WHAT IS EXPECTED: Return all of the data exactly, omitting any images.
START DATA TO USE
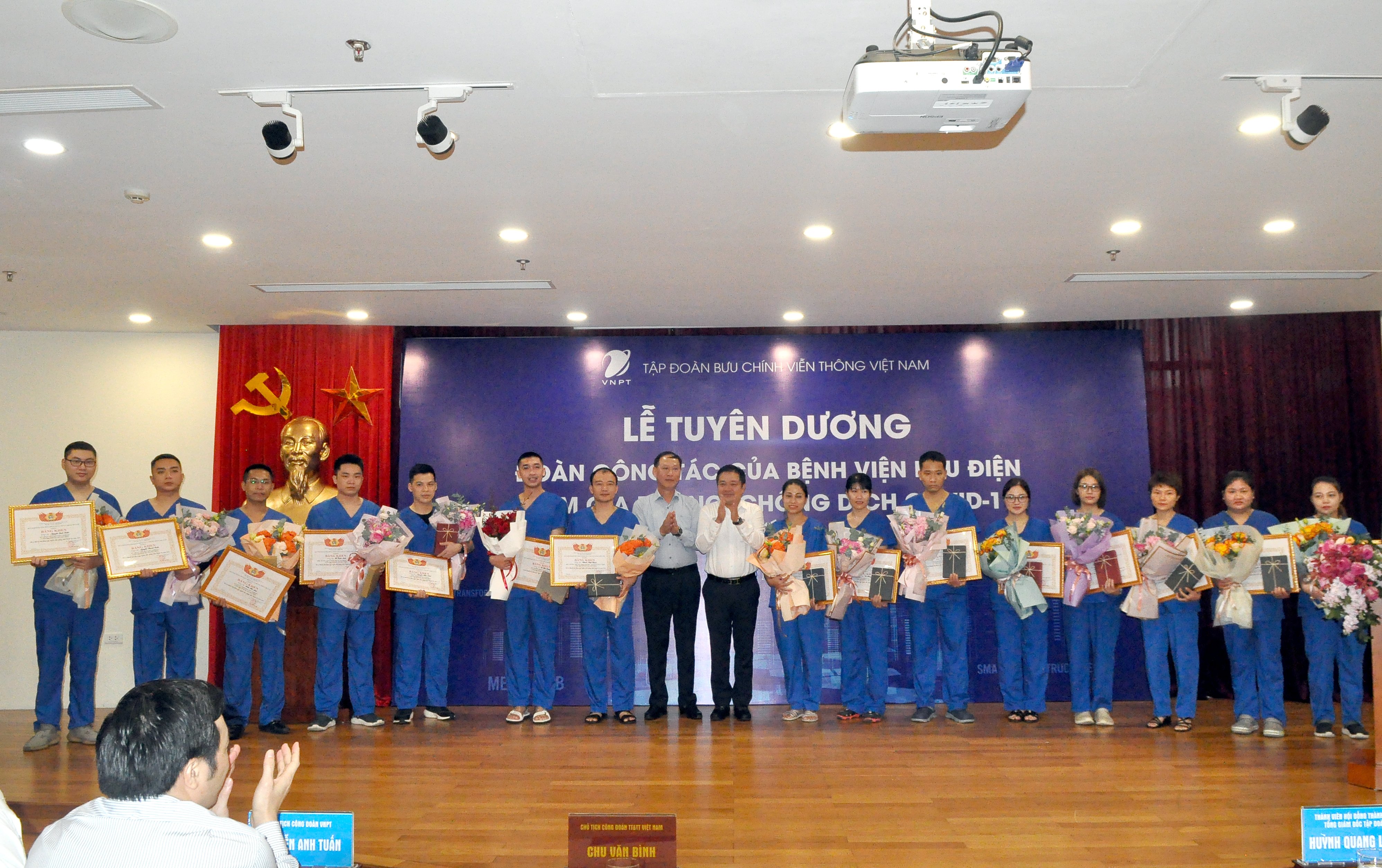 Thành viên Đoàn công tác nhận khen thưởng.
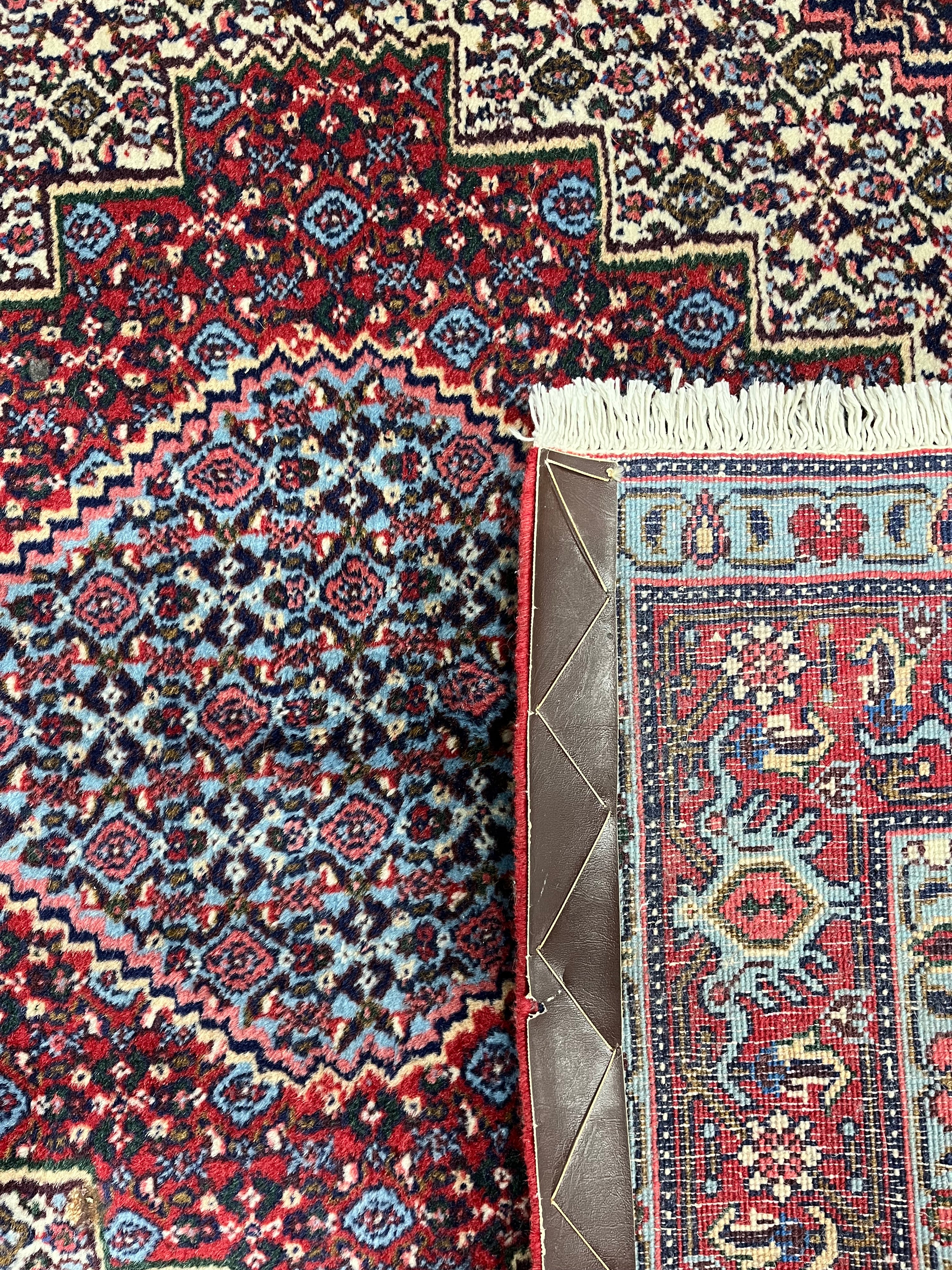 Senneh Persian  Vintage Hand Knotted Wool Rug - 150 x 130 cm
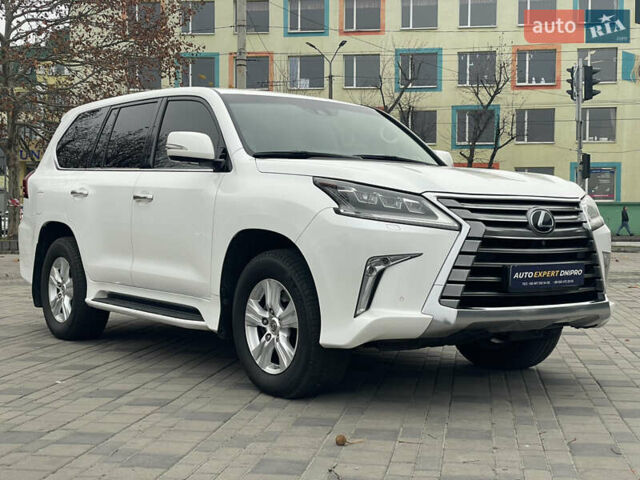 Білий Лексус ЛХ, об'ємом двигуна 4.46 л та пробігом 143 тис. км за 62500 $, фото 19 на Automoto.ua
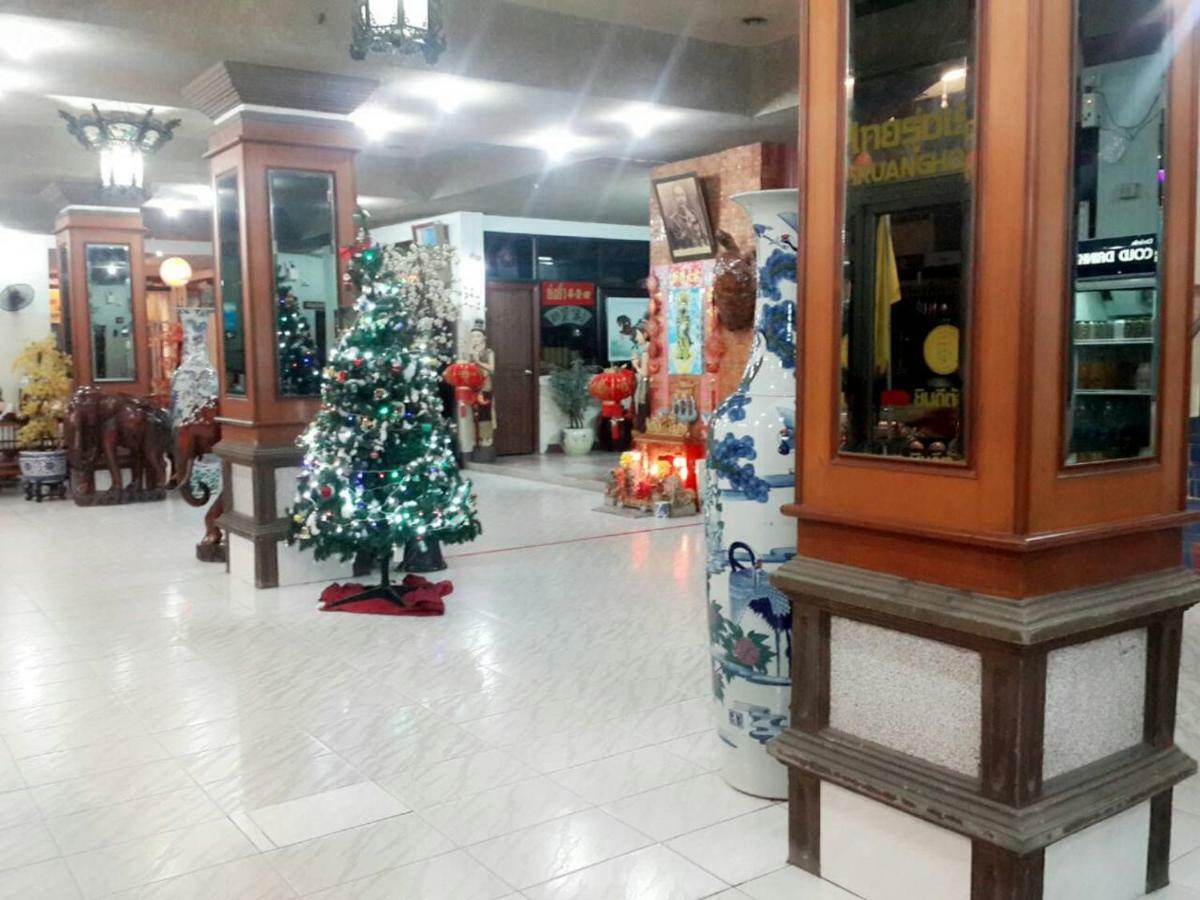 Thairungruang Hotel Σούρατ Τανί Εξωτερικό φωτογραφία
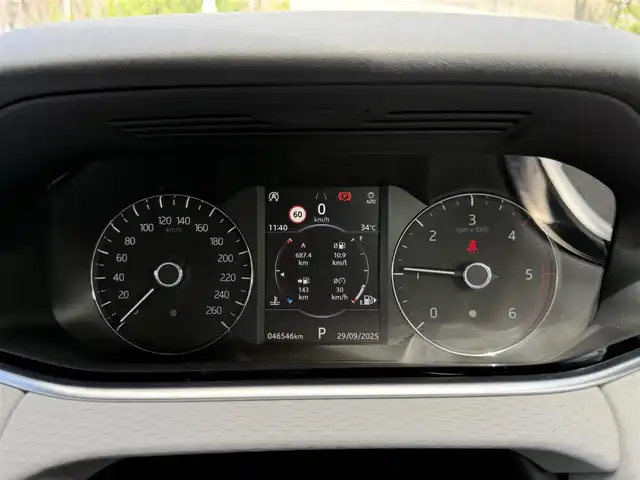 ランドローバー レンジローバーイヴォーク S 静岡県 2020(令2)年 4.7万km シルバー レザーシート/電動リアゲート/BSM/純正ナビ/(BT/CarPlay/USB)/360°カメラ/ACC/LKA/パーキングアシスト/パワーシート/シートヒーター/スマートキー/ETC2.0/ドライブレコーダー/純正フロアマット/純正18インチアルミホイール/スペアキー
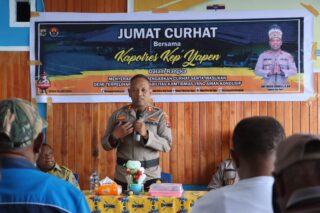 Jumat Curhat; Kapolres Yapen Ke Kampung Saranwandori II Dengarkan Keluhan Warga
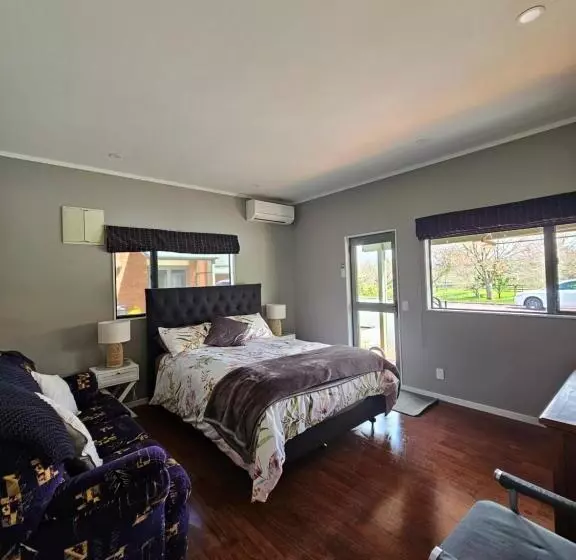 Majatalo Ridgetop Farmstay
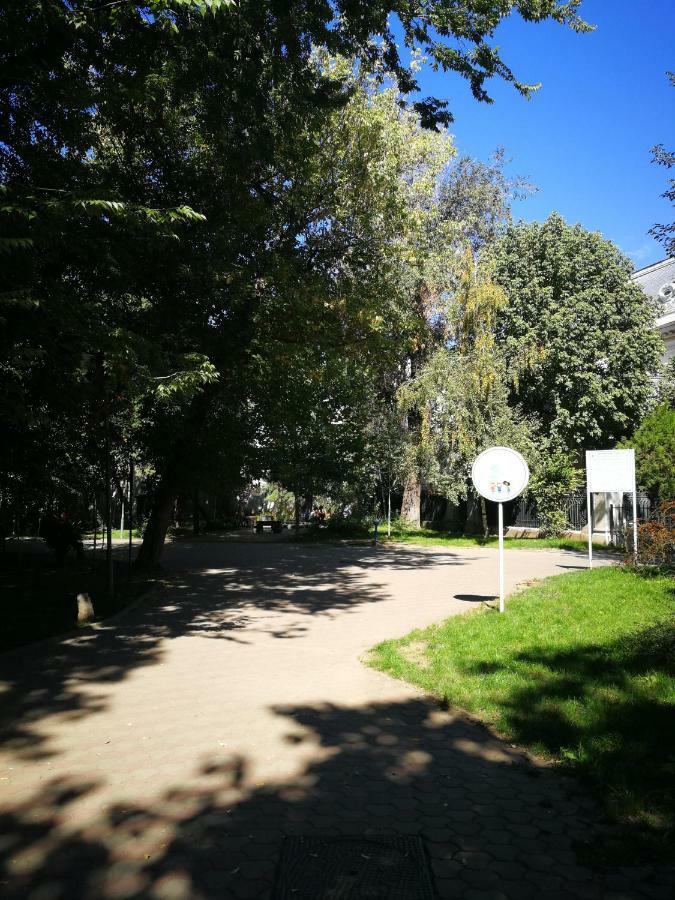 Le Park Apartment Букурещ Екстериор снимка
END DATA TO USE
RESPONSE:
 Thành viên Đoàn công tác nhận khen thưởng.
 Senneh Persian  Vintage Hand Knotted Wool Rug - 150 x 130 cm
 Білий Лексус ЛХ, об'ємом двигуна 4.46 л та пробігом 143 тис. км за 62500 $, фото 19 на Automoto.ua
 Thairungruang Hotel Σούρατ Τανί Εξωτερικό φωτογραφία
 ランドローバー レンジローバーイヴォーク S 静岡県 2020(令2)年 4.7万km シルバー レザーシート/電動リアゲート/BSM/純正ナビ/(BT/CarPlay/USB)/360°カメラ/ACC/LKA/パーキングアシスト/パワーシート/シートヒーター/スマートキー/ETC2.0/ドライブレコーダー/純正フロアマット/純正18インチアルミホイール/スペアキー
 Jumat Curhat; Kapolres Yapen Ke Kampung Saranwandori II Dengarkan Keluhan Warga
 Majatalo Ridgetop Farmstay
 Le Park Apartment Букурещ Екстериор снимка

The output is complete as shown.